(Data extracted from a collection)
....

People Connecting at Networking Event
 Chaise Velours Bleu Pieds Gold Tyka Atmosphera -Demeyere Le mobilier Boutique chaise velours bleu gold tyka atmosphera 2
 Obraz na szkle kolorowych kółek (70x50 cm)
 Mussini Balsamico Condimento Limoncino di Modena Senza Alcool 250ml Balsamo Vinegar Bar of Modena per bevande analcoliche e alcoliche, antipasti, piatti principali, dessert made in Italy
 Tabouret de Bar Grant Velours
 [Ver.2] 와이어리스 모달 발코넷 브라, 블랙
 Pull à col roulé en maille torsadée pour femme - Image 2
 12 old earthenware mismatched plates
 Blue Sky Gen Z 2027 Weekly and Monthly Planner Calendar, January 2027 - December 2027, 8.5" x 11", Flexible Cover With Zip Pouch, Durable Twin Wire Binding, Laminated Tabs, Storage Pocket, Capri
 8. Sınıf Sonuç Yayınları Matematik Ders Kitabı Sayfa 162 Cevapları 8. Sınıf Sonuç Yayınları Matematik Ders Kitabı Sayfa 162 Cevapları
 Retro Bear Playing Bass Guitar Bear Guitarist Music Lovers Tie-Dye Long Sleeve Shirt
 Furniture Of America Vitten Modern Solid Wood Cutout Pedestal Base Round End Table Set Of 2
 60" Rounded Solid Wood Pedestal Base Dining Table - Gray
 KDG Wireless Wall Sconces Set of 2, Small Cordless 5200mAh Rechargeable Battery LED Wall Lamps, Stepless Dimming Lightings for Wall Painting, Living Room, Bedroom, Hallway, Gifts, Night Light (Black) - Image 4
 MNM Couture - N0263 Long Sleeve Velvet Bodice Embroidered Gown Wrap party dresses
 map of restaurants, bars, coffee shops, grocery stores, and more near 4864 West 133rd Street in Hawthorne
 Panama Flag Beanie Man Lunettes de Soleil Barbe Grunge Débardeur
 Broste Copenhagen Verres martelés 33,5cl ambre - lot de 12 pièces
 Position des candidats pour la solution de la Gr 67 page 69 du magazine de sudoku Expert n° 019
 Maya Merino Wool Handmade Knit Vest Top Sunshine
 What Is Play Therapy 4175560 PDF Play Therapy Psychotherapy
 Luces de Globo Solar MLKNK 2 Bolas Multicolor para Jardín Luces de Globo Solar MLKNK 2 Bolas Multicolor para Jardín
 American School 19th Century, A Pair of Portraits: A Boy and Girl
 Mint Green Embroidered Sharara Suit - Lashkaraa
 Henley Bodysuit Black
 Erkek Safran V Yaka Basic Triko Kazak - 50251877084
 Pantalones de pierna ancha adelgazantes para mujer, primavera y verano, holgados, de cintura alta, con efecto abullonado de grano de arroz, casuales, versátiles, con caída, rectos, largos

....

**TASK BRIEF**
Every line in the data that holds the string "Wood" should be returned.

**TASK OUTPUT**
 Furniture Of America Vitten Modern Solid Wood Cutout Pedestal Base Round End Table Set Of 2
 60" Rounded Solid Wood Pedestal Base Dining Table - Gray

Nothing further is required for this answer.